→ **TASK GOAL**
I would like you to return all of the records exactly as they stand.
===== TASK INPUT
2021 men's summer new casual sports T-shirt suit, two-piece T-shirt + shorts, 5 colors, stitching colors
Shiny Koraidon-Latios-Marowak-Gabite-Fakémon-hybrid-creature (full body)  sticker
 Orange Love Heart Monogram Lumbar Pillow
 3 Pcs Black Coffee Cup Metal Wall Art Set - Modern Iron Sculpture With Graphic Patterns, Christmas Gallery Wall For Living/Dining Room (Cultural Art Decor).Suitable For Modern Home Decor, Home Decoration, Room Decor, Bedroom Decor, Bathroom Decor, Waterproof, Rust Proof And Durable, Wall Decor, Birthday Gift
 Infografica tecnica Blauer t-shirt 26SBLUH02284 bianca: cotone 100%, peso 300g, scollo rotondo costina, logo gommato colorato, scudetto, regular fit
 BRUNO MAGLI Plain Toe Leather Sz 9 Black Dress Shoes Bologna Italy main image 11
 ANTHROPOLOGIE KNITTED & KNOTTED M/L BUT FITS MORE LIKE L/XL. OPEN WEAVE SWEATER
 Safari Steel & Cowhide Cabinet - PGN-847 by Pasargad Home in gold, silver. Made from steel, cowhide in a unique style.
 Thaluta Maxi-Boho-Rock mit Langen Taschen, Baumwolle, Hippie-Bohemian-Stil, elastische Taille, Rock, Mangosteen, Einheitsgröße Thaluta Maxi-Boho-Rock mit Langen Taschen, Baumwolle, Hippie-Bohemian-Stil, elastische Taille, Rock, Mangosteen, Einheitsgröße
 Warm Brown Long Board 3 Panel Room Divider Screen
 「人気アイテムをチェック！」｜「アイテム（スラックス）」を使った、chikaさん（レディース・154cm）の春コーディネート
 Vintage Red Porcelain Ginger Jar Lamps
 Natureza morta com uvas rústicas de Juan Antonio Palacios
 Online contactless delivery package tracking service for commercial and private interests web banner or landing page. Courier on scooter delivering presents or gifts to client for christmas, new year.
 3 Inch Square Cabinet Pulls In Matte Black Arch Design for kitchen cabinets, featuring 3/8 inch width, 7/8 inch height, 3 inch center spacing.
==========
→ **ANSWER FOR THIS EXERCISE**
2021 men's summer new casual sports T-shirt suit, two-piece T-shirt + shorts, 5 colors, stitching colors
Shiny Koraidon-Latios-Marowak-Gabite-Fakémon-hybrid-creature (full body)  sticker
 Orange Love Heart Monogram Lumbar Pillow
 3 Pcs Black Coffee Cup Metal Wall Art Set - Modern Iron Sculpture With Graphic Patterns, Christmas Gallery Wall For Living/Dining Room (Cultural Art Decor).Suitable For Modern Home Decor, Home Decoration, Room Decor, Bedroom Decor, Bathroom Decor, Waterproof, Rust Proof And Durable, Wall Decor, Birthday Gift
 Infografica tecnica Blauer t-shirt 26SBLUH02284 bianca: cotone 100%, peso 300g, scollo rotondo costina, logo gommato colorato, scudetto, regular fit
 BRUNO MAGLI Plain Toe Leather Sz 9 Black Dress Shoes Bologna Italy main image 11
 ANTHROPOLOGIE KNITTED & KNOTTED M/L BUT FITS MORE LIKE L/XL. OPEN WEAVE SWEATER
 Safari Steel & Cowhide Cabinet - PGN-847 by Pasargad Home in gold, silver. Made from steel, cowhide in a unique style.
 Thaluta Maxi-Boho-Rock mit Langen Taschen, Baumwolle, Hippie-Bohemian-Stil, elastische Taille, Rock, Mangosteen, Einheitsgröße Thaluta Maxi-Boho-Rock mit Langen Taschen, Baumwolle, Hippie-Bohemian-Stil, elastische Taille, Rock, Mangosteen, Einheitsgröße
 Warm Brown Long Board 3 Panel Room Divider Screen
 「人気アイテムをチェック！」｜「アイテム（スラックス）」を使った、chikaさん（レディース・154cm）の春コーディネート
 Vintage Red Porcelain Ginger Jar Lamps
 Natureza morta com uvas rústicas de Juan Antonio Palacios
 Online contactless delivery package tracking service for commercial and private interests web banner or landing page. Courier on scooter delivering presents or gifts to client for christmas, new year.
 3 Inch Square Cabinet Pulls In Matte Black Arch Design for kitchen cabinets, featuring 3/8 inch width, 7/8 inch height, 3 inch center spacing.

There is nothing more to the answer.